If we don't check this, then taking the fluctuation in the "direction(s)" of the negative eigenvalue(s) we would obtain solutions with an action lower than on the background we are using.
I have not found any proof that the black hole spacetimes I mentioned are stable in this sense, and I was wandering if this proof exist or what are the current best results.
I am interested in particular in asymptotically flat, static black hole spacetimes, but if somebody proved anything with a cosmological constant I appreciate all the same!
Also if anybody knows of more general results (non necessarily from GR) that could be of help please do tell! (I am thinking to things like a way to show the stronger stability requirement by means of linearized perturbations that satisfy the equations of motion..)
 A: Let me just start with saying that the results on the stability of black holes are not complete yet. The question is whether 1) a black hole is stable with respect to linear perturbations, and 2) whether a black hole is stable to finite (non-linear) perturbations. I am just going to tell you that 2) has very few results concerning mainly the Schwarzschild background and special perturbations (you can also "cheat" by making your background de-Sitter, see Hitz & Vasy, 2016), and it will probably still take a while to obtain a more complete picture (it took decades to prove non-linear stability of even something as simple as the Minkowski background).

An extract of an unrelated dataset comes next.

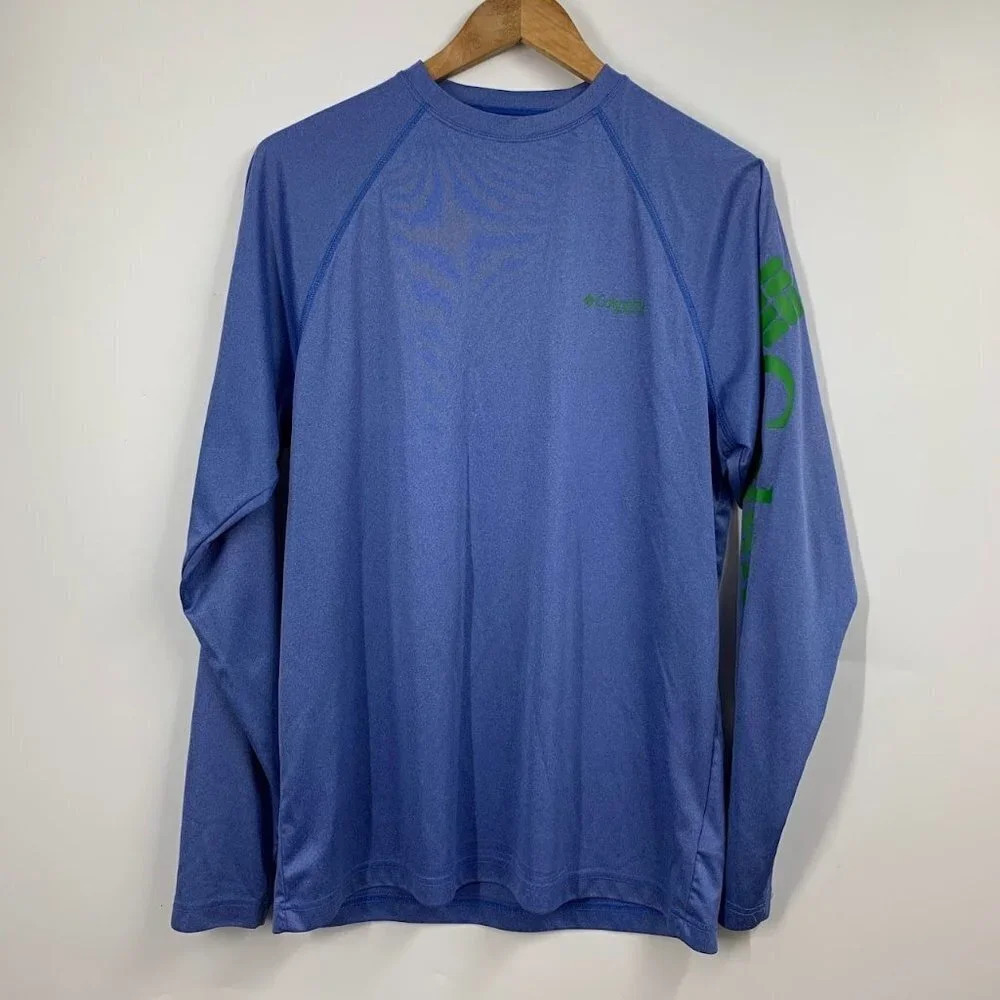 Columbia Men's PFG Omni-Shade Long Sleeve Fishing Logo‎ T-Shirt Size S/P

However, the answer to question 1) is yes for subextremal black holes, and in the exterior and on the horizon (things get funny at Cauchy horizons and curvature singularities). This is known analytically for Kerr black holes (Whiting 1989) and Reissner-Nordström black holes (Moncrief 1974), this naturally includes the Schwarzschild limit (this special case was investigated way back by Regge & Wheeler 1957). A special case is Kerr-Newman, where perturbations do not have separable equations and the results are thus only numerical (but affirmative, Dias et al. 2015). The method used to show this is mode stability, that is, decomposing the perturbation into (tensorial) spherical harmonics and finding frequency eigenmodes. Every frequency eigenmode generally has a real and an imaginary part, corresponding to the oscillation of the mode and exponential decay/growth. One then shows that physical modes can only decay (physicality is expressed in boundary conditions). A physical perturbation decomposed into eigemodes must thus decay as well.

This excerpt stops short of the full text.